### Task requirements
Your answer should give again, exactly, the lines from the beginning of the entries below through the line containing "Placeholder: outline art". It must contain no pictures.

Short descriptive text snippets
———
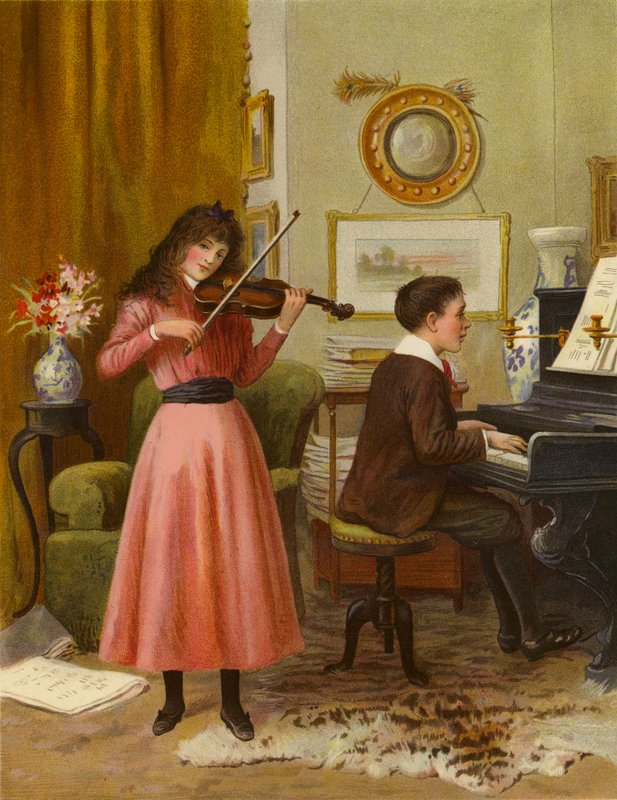 Duet (barevná litografie) od English School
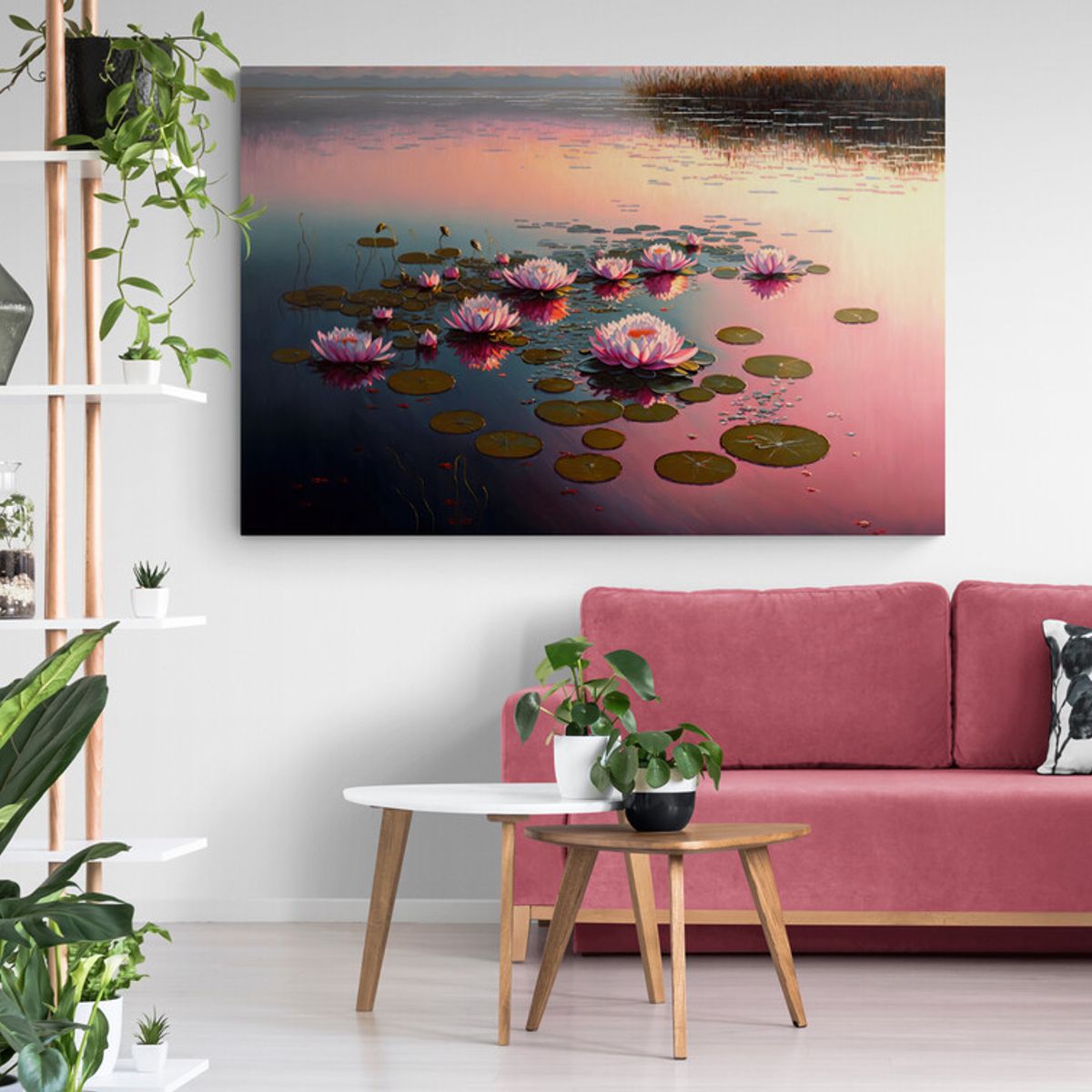 TAYRONA STORE - Cuadro En Lienzo Para La Sala Flor De Loto 096 100x70cm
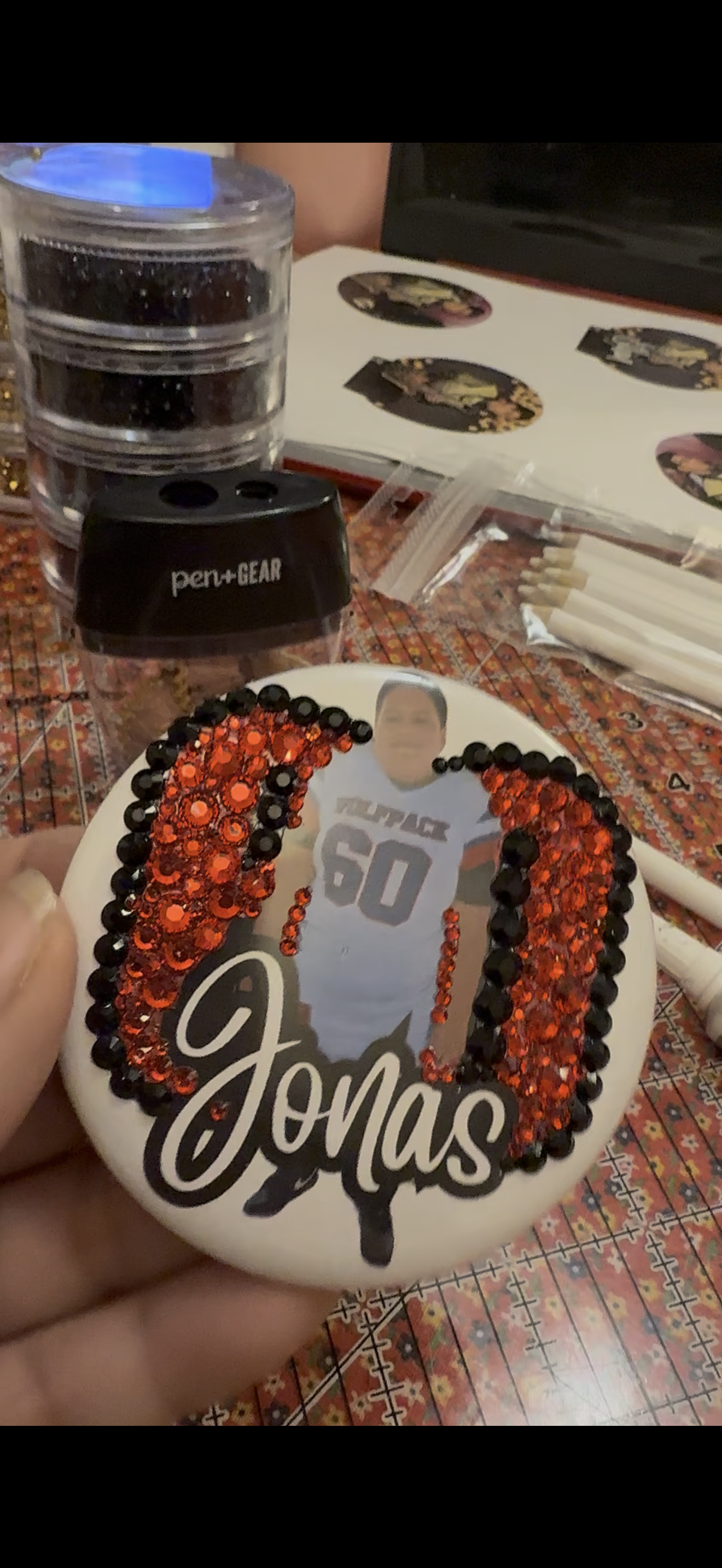 Custom Bling Athlete Button- Rhinestone Number Edition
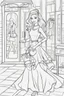 Placeholder: outline art for kids barbie coloring pages with barbie shopping , no background, sketch style, full body, only use outline, mandala style, clean line art, white background, no shadows and clear and well outlined. should look exactly like barbie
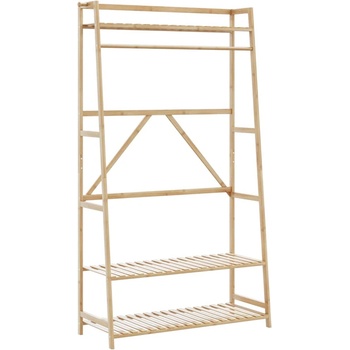 vidaXL Закачалка за дрехи с рафтове 110x40x180 см, бамбук (4008925)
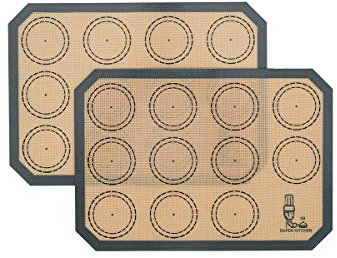 Non Stick Silicone Baking Mats Set Quarter Sheet Macaron - 2 Small Toaster Oven Silicon Baking Liners For Cookies and Bread Making,8.2x11.6,By Folksy Super Kitchen(Grey)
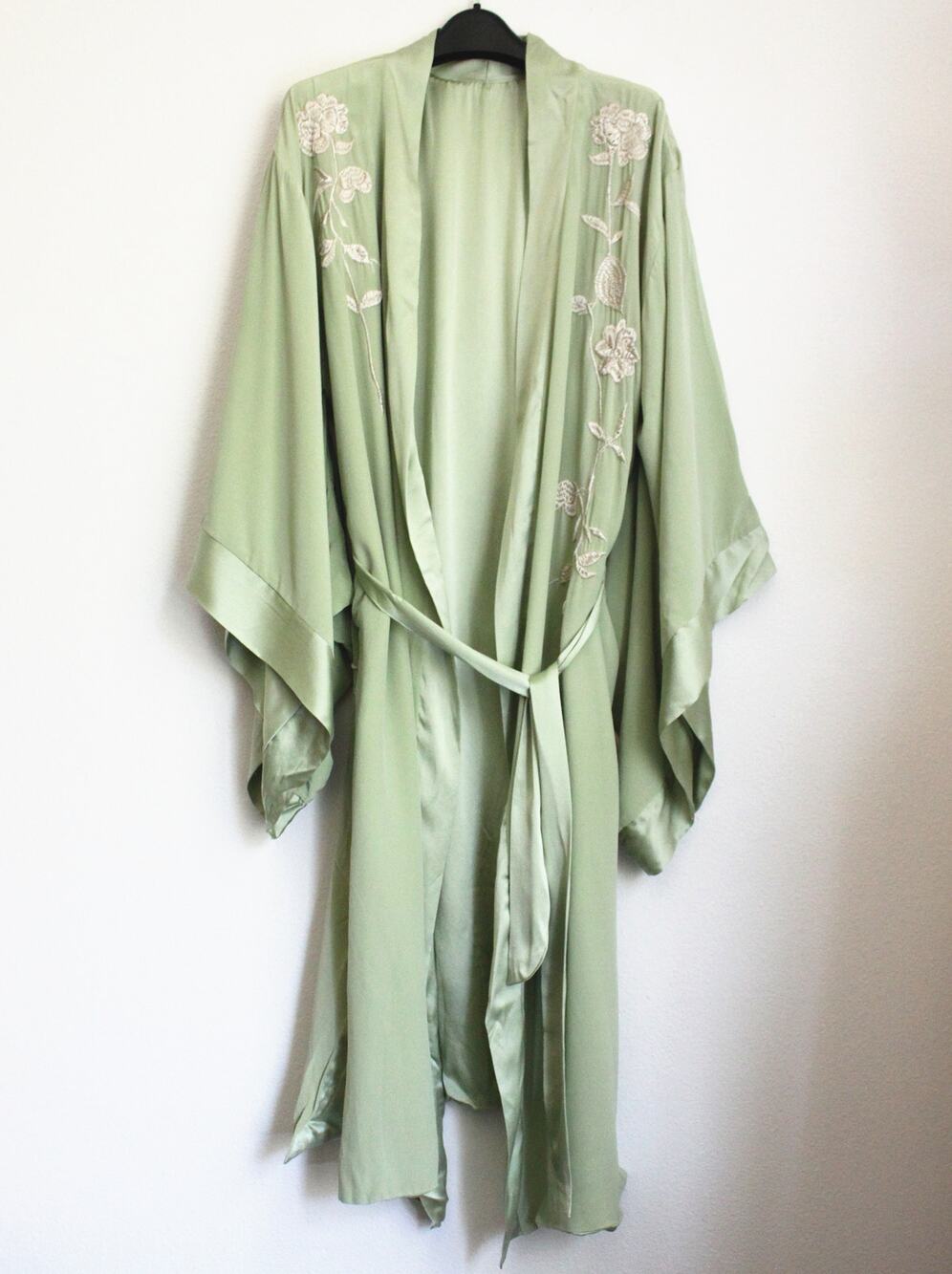 Johnny Was Green Floral Embroidered Reversible Silk Kimono Robe NWT Size S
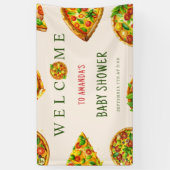 Oh Baby Pizza Tomatoes Olivia Groen Baby shower Spandoek (Verticaal)
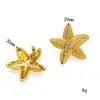 Nuevos Pendientes y Aretes de Estilo Marino de Vacaciones en la Playa Europeos y Americanos con Forma de Estrella de Mar con Diamantes para Mujer, Lujo Accesible y Joyería Impermeable de Gama Alta
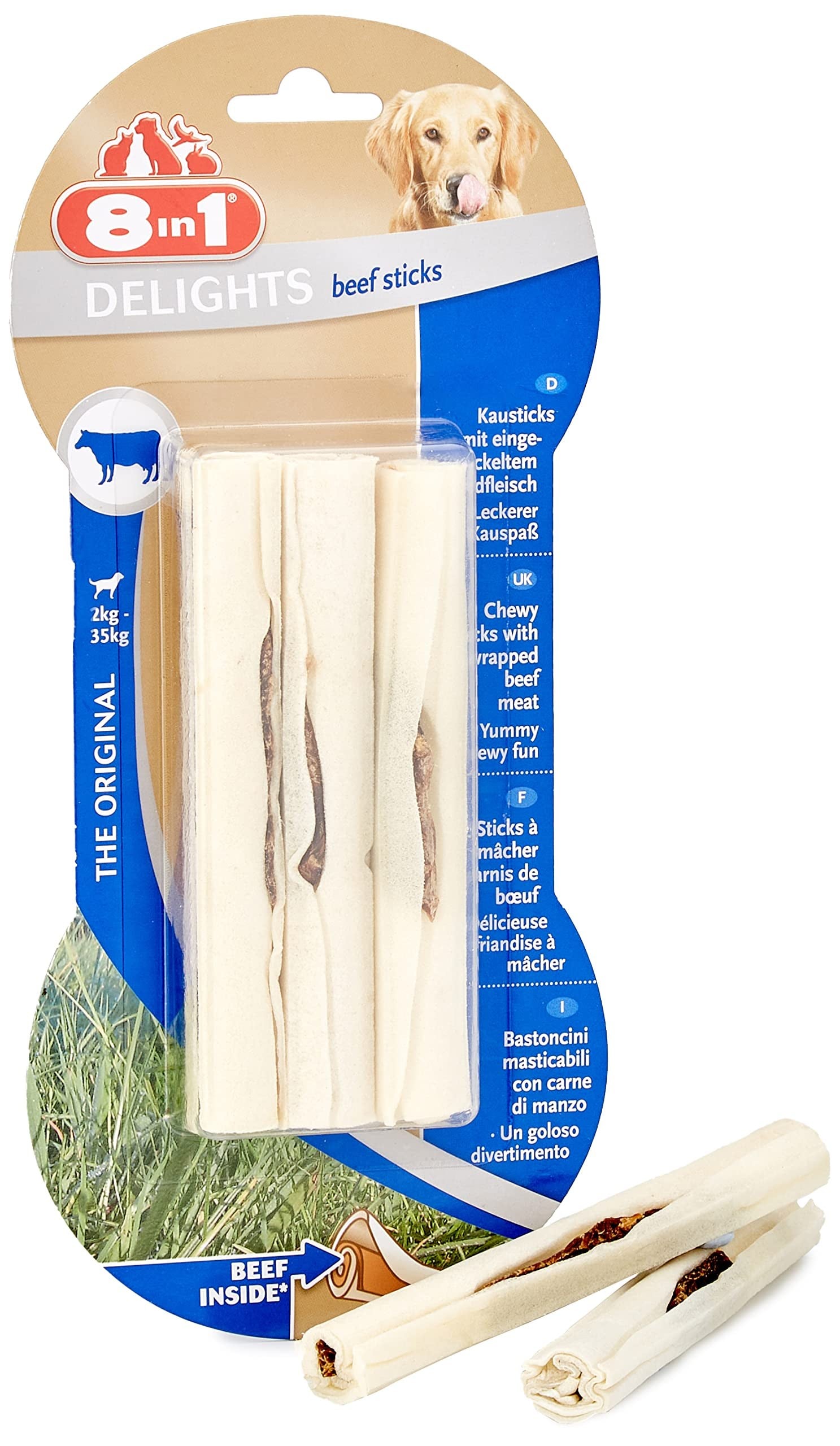 8in1 Delights Beef Sticks Sığır Etli Çiğneme Çubukları, 75 gr Köpek Ödülü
———
### Written response
 Duet (barevná litografie) od English School
 TAYRONA STORE - Cuadro En Lienzo Para La Sala Flor De Loto 096 100x70cm
 Custom Bling Athlete Button- Rhinestone Number Edition
 Placeholder: outline art for kids barbie coloring pages with barbie shopping , no background, sketch style, full body, only use outline, mandala style, clean line art, white background, no shadows and clear and well outlined. should look exactly like barbie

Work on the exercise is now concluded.